[Web page caption snippets]
◆ ◆ ◆ ◆
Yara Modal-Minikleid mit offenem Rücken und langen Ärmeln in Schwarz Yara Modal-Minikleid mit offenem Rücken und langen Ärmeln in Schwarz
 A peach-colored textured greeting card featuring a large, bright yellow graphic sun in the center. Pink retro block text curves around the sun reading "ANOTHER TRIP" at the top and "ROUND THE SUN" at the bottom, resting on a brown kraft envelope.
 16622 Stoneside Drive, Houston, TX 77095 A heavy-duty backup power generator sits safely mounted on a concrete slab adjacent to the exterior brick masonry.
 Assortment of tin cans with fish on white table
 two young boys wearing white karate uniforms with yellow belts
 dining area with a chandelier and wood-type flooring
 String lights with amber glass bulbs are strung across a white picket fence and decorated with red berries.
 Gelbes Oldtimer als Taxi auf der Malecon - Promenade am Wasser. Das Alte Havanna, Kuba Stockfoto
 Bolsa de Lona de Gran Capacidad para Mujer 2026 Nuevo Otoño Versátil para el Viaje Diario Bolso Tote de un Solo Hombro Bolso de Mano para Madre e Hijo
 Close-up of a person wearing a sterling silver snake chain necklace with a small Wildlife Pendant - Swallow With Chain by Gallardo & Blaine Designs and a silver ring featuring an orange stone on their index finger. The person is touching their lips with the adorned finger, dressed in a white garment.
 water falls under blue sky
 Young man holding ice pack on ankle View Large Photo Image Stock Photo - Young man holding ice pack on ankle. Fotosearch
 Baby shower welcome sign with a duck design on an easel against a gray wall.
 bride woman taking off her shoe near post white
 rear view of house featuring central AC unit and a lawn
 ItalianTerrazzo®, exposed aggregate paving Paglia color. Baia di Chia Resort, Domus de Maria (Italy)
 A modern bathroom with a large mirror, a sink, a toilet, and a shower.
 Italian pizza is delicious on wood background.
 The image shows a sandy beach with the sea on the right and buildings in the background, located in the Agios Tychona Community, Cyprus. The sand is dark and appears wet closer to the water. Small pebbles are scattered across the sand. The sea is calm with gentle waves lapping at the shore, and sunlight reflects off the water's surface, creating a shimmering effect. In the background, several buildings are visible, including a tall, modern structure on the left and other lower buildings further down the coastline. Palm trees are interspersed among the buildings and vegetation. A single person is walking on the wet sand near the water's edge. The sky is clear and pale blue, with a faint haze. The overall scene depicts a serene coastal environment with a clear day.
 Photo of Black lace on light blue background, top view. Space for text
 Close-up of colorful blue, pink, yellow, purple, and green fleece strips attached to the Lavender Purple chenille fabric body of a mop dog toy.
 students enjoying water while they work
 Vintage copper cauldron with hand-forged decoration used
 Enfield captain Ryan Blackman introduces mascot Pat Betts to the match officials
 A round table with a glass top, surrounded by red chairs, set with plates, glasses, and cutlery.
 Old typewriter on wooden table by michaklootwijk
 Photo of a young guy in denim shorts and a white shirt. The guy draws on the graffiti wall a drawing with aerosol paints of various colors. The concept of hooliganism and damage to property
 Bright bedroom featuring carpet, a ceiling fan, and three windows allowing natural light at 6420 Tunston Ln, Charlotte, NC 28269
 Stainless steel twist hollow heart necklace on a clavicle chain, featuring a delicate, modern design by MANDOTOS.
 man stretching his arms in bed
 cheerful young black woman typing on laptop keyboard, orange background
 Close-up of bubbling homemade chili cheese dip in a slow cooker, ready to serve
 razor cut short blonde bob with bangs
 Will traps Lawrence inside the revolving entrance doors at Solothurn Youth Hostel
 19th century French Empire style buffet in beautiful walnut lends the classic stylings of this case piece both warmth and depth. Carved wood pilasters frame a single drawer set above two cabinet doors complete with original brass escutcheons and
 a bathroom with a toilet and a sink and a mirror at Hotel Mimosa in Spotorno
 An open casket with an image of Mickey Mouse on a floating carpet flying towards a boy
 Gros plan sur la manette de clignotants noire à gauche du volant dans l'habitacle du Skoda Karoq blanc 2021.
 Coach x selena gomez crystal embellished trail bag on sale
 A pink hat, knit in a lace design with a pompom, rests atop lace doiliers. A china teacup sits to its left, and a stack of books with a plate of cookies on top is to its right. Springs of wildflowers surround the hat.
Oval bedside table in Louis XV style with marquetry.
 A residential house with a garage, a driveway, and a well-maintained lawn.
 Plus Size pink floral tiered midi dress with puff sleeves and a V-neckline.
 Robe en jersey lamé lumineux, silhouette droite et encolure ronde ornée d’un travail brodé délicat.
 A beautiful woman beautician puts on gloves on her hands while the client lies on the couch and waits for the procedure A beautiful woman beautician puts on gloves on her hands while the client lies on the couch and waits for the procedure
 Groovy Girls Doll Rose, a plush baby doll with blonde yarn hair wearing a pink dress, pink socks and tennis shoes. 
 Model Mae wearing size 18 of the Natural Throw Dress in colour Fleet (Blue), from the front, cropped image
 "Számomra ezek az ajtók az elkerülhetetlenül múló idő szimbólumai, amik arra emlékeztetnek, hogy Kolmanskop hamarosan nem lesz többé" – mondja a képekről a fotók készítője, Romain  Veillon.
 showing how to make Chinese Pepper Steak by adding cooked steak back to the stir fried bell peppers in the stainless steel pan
◆ ◆ ◆ ◆
## EXERCISE DIRECTIONS
Starting at the line that contains "Close-up of bubbling", output every remaining line of the data exactly, and stop after the last one.

## WRITTEN REPLY
 Close-up of bubbling homemade chili cheese dip in a slow cooker, ready to serve
 razor cut short blonde bob with bangs
 Will traps Lawrence inside the revolving entrance doors at Solothurn Youth Hostel
 19th century French Empire style buffet in beautiful walnut lends the classic stylings of this case piece both warmth and depth. Carved wood pilasters frame a single drawer set above two cabinet doors complete with original brass escutcheons and
 a bathroom with a toilet and a sink and a mirror at Hotel Mimosa in Spotorno
 An open casket with an image of Mickey Mouse on a floating carpet flying towards a boy
 Gros plan sur la manette de clignotants noire à gauche du volant dans l'habitacle du Skoda Karoq blanc 2021.
 Coach x selena gomez crystal embellished trail bag on sale
 A pink hat, knit in a lace design with a pompom, rests atop lace doiliers. A china teacup sits to its left, and a stack of books with a plate of cookies on top is to its right. Springs of wildflowers surround the hat.
Oval bedside table in Louis XV style with marquetry.
 A residential house with a garage, a driveway, and a well-maintained lawn.
 Plus Size pink floral tiered midi dress with puff sleeves and a V-neckline.
 Robe en jersey lamé lumineux, silhouette droite et encolure ronde ornée d’un travail brodé délicat.
 A beautiful woman beautician puts on gloves on her hands while the client lies on the couch and waits for the procedure A beautiful woman beautician puts on gloves on her hands while the client lies on the couch and waits for the procedure
 Groovy Girls Doll Rose, a plush baby doll with blonde yarn hair wearing a pink dress, pink socks and tennis shoes. 
 Model Mae wearing size 18 of the Natural Throw Dress in colour Fleet (Blue), from the front, cropped image
 "Számomra ezek az ajtók az elkerülhetetlenül múló idő szimbólumai, amik arra emlékeztetnek, hogy Kolmanskop hamarosan nem lesz többé" – mondja a képekről a fotók készítője, Romain  Veillon.
 showing how to make Chinese Pepper Steak by adding cooked steak back to the stir fried bell peppers in the stainless steel pan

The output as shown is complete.